#### [RECORDS SHOWN]

══════

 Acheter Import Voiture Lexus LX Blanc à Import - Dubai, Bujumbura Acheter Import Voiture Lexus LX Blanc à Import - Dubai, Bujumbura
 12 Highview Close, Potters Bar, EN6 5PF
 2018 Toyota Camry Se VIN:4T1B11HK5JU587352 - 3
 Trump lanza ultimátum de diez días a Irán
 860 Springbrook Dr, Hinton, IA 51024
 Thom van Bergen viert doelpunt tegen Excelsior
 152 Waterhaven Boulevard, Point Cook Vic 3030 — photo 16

══════

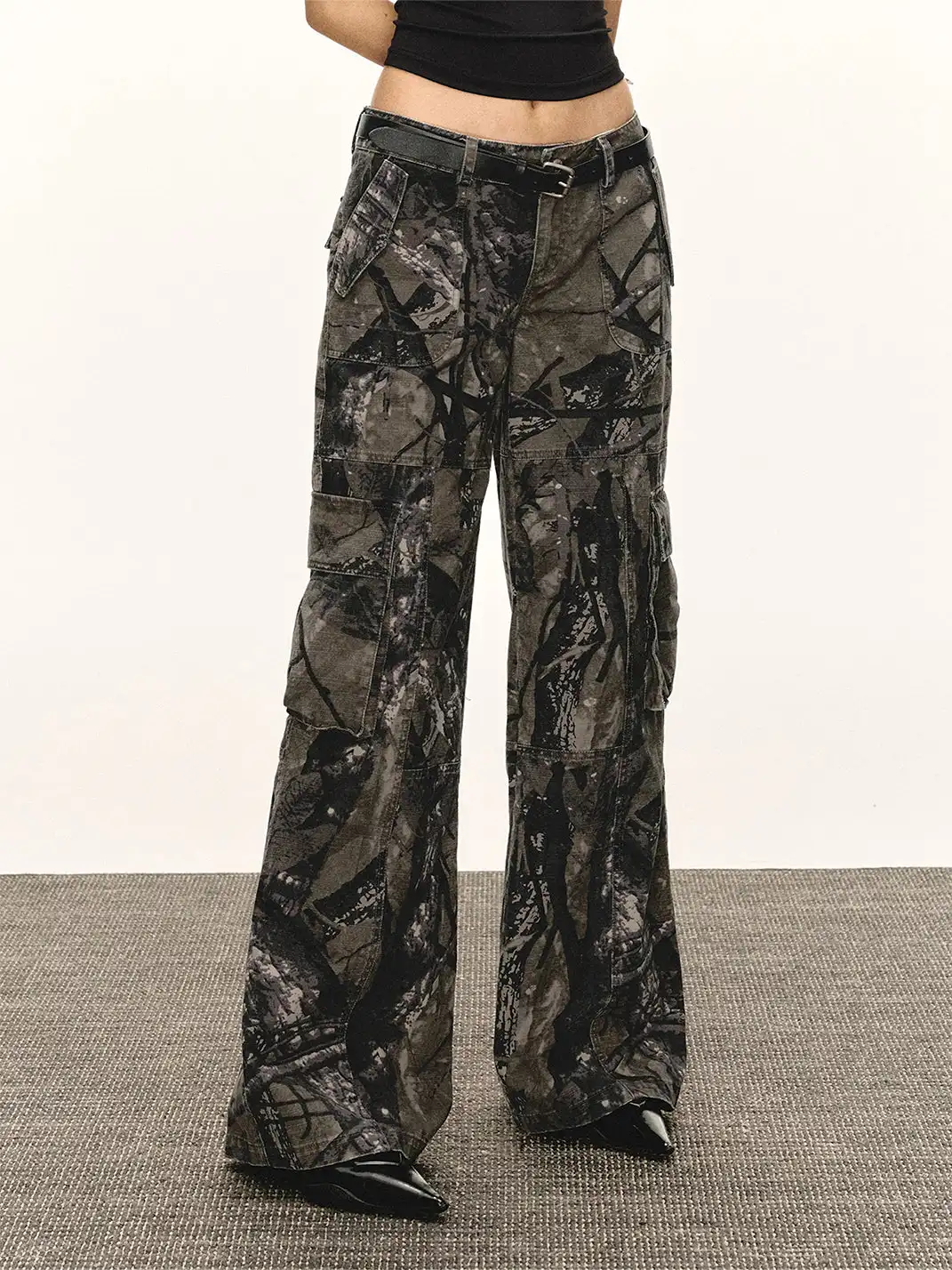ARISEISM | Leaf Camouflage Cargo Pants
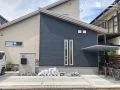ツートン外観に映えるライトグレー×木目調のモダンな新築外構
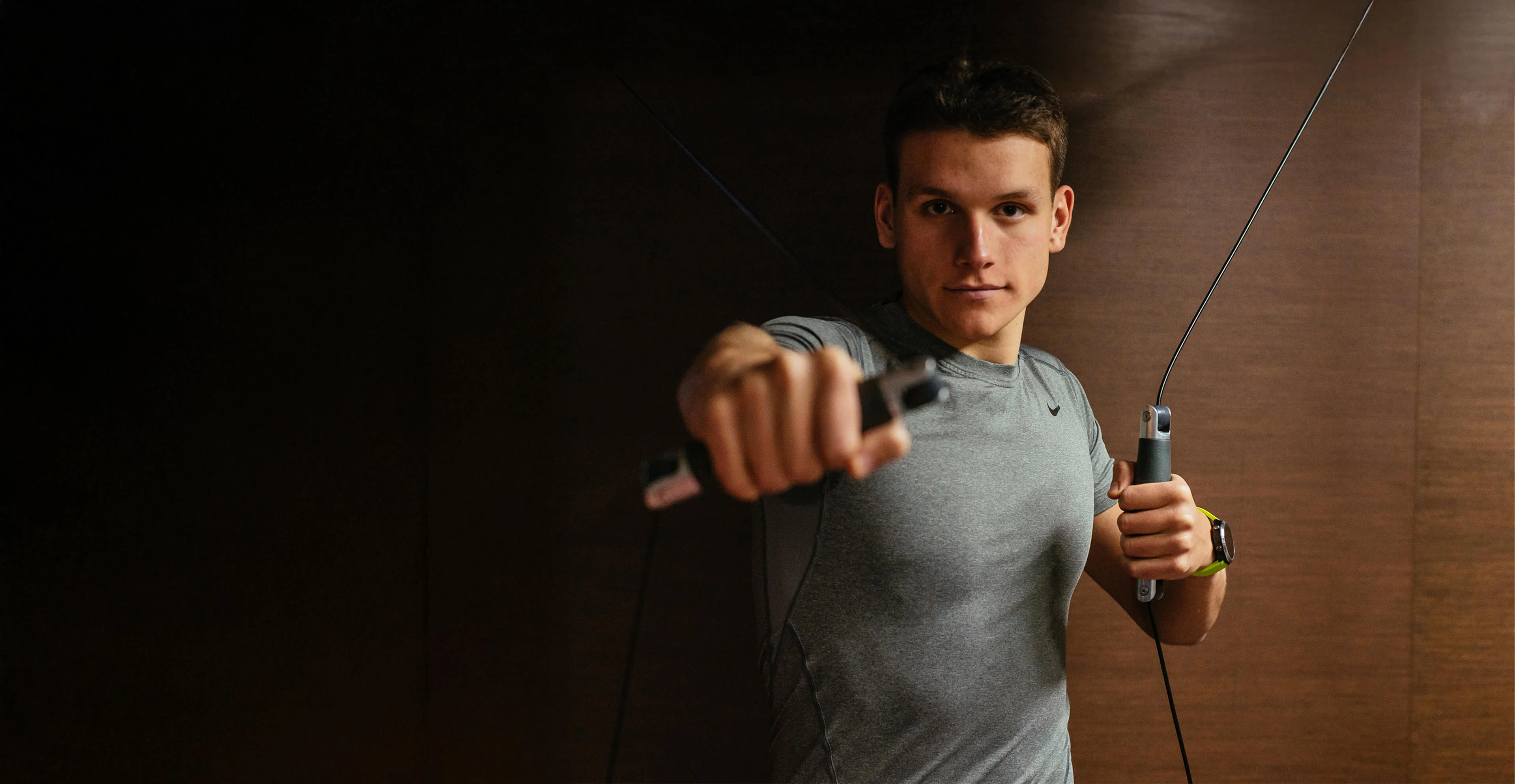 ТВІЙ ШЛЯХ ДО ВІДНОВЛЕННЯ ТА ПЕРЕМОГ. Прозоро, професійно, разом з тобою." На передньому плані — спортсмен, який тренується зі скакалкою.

══════

Using the data above, transcribe the lines that run from the line with "12 Highview Close, Potters Bar, EN6 5PF" to the line with "152 Waterhaven Boulevard, Point", both ends kept, and output nothing else.

#### [SOLUTION TO THIS TASK]
 12 Highview Close, Potters Bar, EN6 5PF
 2018 Toyota Camry Se VIN:4T1B11HK5JU587352 - 3
 Trump lanza ultimátum de diez días a Irán
 860 Springbrook Dr, Hinton, IA 51024
 Thom van Bergen viert doelpunt tegen Excelsior
 152 Waterhaven Boulevard, Point Cook Vic 3030 — photo 16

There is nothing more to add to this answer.